» **GIVEN RECORDS**:
++++

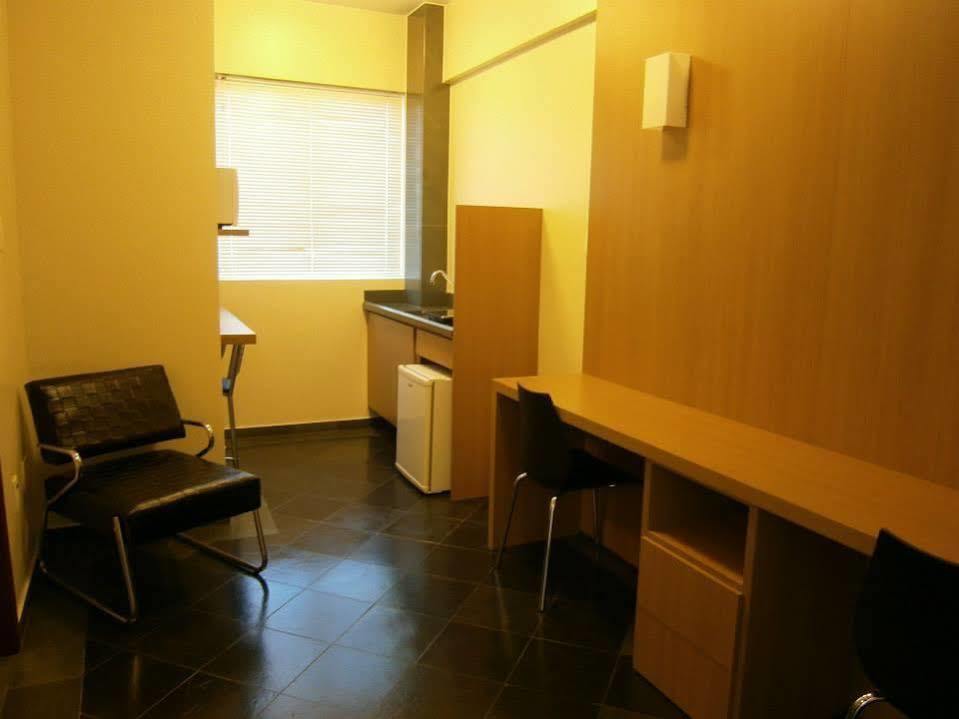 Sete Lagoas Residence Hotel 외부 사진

++++

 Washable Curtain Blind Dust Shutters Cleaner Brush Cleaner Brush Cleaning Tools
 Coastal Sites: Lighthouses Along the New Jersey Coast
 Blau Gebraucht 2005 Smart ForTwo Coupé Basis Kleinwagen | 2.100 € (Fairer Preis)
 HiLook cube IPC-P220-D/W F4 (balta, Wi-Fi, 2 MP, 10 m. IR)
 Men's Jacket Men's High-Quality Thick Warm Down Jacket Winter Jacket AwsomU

++++

» **WORK TO COMPLETE**:
Every line above from the line with "Blau Gebraucht 2005" to the line with "Men's Jacket Men's" is wanted, ends included; write them out exactly and add no other line.

» **ANSWER TO THE EXERCISE**:
 Blau Gebraucht 2005 Smart ForTwo Coupé Basis Kleinwagen | 2.100 € (Fairer Preis)
 HiLook cube IPC-P220-D/W F4 (balta, Wi-Fi, 2 MP, 10 m. IR)
 Men's Jacket Men's High-Quality Thick Warm Down Jacket Winter Jacket AwsomU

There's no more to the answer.